Copy word for word the lines from the start of the records through the line that contains "Gucci glasses close-up: white", both included.

# # # # # # #

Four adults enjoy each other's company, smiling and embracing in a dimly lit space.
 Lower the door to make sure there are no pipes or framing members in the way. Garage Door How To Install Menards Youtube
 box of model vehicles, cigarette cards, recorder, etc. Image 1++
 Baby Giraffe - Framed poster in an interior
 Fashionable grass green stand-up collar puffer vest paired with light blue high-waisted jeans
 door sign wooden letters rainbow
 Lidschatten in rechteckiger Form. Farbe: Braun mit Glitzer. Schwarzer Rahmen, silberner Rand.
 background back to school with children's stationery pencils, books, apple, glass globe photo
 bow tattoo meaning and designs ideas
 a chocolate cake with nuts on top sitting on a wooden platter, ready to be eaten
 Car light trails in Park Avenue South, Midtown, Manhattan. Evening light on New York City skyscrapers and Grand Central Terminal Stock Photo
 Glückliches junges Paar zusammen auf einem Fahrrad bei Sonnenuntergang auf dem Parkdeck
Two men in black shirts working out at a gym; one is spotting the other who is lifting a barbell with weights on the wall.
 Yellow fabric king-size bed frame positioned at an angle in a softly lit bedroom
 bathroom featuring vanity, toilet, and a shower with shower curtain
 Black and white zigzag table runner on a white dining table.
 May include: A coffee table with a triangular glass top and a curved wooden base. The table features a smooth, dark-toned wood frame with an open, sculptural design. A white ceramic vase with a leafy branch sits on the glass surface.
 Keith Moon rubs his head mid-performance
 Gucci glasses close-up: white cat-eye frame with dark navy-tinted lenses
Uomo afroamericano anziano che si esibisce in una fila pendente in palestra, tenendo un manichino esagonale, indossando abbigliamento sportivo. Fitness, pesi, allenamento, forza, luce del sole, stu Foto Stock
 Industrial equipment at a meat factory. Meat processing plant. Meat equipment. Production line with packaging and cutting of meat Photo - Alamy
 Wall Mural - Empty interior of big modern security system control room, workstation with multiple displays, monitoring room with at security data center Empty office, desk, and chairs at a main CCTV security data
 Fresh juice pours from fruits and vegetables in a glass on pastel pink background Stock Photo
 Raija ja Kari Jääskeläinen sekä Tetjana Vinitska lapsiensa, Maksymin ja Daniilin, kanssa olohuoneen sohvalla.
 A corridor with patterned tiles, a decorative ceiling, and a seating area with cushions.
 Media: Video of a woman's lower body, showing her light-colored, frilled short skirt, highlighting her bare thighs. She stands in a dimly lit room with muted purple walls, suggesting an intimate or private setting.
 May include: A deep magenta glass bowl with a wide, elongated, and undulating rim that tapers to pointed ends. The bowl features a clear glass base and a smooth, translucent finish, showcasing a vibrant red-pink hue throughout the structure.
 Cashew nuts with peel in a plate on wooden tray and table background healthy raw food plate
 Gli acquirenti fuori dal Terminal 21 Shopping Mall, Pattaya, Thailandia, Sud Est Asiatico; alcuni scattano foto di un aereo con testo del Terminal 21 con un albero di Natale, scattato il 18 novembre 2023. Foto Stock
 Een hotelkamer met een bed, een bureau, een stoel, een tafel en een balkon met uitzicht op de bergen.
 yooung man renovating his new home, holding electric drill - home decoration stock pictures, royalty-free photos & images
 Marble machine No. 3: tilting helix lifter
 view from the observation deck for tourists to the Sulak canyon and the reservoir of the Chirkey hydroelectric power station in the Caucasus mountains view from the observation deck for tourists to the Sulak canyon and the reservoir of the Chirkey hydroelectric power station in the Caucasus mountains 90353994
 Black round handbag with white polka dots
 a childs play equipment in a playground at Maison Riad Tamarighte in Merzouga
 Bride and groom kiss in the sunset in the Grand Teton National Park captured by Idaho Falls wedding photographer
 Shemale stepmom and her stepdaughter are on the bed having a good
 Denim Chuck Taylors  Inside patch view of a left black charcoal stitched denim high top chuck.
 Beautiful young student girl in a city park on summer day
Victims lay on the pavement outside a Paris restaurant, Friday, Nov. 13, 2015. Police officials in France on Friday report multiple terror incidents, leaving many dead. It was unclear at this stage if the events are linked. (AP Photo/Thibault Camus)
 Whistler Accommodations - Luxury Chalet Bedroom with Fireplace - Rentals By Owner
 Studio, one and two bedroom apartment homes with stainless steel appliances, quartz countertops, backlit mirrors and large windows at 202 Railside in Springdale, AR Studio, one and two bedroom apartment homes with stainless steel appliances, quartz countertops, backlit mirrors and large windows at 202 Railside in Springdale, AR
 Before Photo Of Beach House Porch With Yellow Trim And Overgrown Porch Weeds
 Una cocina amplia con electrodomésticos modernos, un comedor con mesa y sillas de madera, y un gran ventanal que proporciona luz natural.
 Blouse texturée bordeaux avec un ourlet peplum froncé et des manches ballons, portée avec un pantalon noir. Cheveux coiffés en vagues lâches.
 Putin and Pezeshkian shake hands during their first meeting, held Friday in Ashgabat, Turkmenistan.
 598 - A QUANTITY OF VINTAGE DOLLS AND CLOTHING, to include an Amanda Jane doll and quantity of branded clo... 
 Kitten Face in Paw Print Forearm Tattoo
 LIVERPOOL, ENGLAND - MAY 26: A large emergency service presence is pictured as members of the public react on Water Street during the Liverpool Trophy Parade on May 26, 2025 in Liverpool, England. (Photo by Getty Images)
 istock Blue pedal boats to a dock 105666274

# # # # # # #

Result below
Four adults enjoy each other's company, smiling and embracing in a dimly lit space.
 Lower the door to make sure there are no pipes or framing members in the way. Garage Door How To Install Menards Youtube
 box of model vehicles, cigarette cards, recorder, etc. Image 1++
 Baby Giraffe - Framed poster in an interior
 Fashionable grass green stand-up collar puffer vest paired with light blue high-waisted jeans
 door sign wooden letters rainbow
 Lidschatten in rechteckiger Form. Farbe: Braun mit Glitzer. Schwarzer Rahmen, silberner Rand.
 background back to school with children's stationery pencils, books, apple, glass globe photo
 bow tattoo meaning and designs ideas
 a chocolate cake with nuts on top sitting on a wooden platter, ready to be eaten
 Car light trails in Park Avenue South, Midtown, Manhattan. Evening light on New York City skyscrapers and Grand Central Terminal Stock Photo
 Glückliches junges Paar zusammen auf einem Fahrrad bei Sonnenuntergang auf dem Parkdeck
Two men in black shirts working out at a gym; one is spotting the other who is lifting a barbell with weights on the wall.
 Yellow fabric king-size bed frame positioned at an angle in a softly lit bedroom
 bathroom featuring vanity, toilet, and a shower with shower curtain
 Black and white zigzag table runner on a white dining table.
 May include: A coffee table with a triangular glass top and a curved wooden base. The table features a smooth, dark-toned wood frame with an open, sculptural design. A white ceramic vase with a leafy branch sits on the glass surface.
 Keith Moon rubs his head mid-performance
 Gucci glasses close-up: white cat-eye frame with dark navy-tinted lenses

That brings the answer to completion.